■ Exercise directions ■
For this exercise, return only the lines in the records below from the one holding "Tom Tailor - DYED RIB TOP Тбилиси" through the one holding "Концевой адаптер прямой Wavin ПП HepvO 32 мм", including both, exactly as they appear and without pictures.

--- Supplied material ---

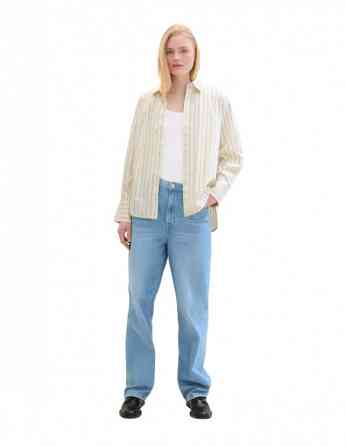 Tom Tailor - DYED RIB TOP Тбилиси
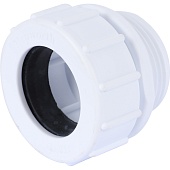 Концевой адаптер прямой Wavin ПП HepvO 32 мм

---
--- Supplied material ---

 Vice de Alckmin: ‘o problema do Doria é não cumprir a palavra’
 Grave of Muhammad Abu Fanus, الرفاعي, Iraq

---

■ Result ■
 Tom Tailor - DYED RIB TOP Тбилиси
 Концевой адаптер прямой Wavin ПП HepvO 32 мм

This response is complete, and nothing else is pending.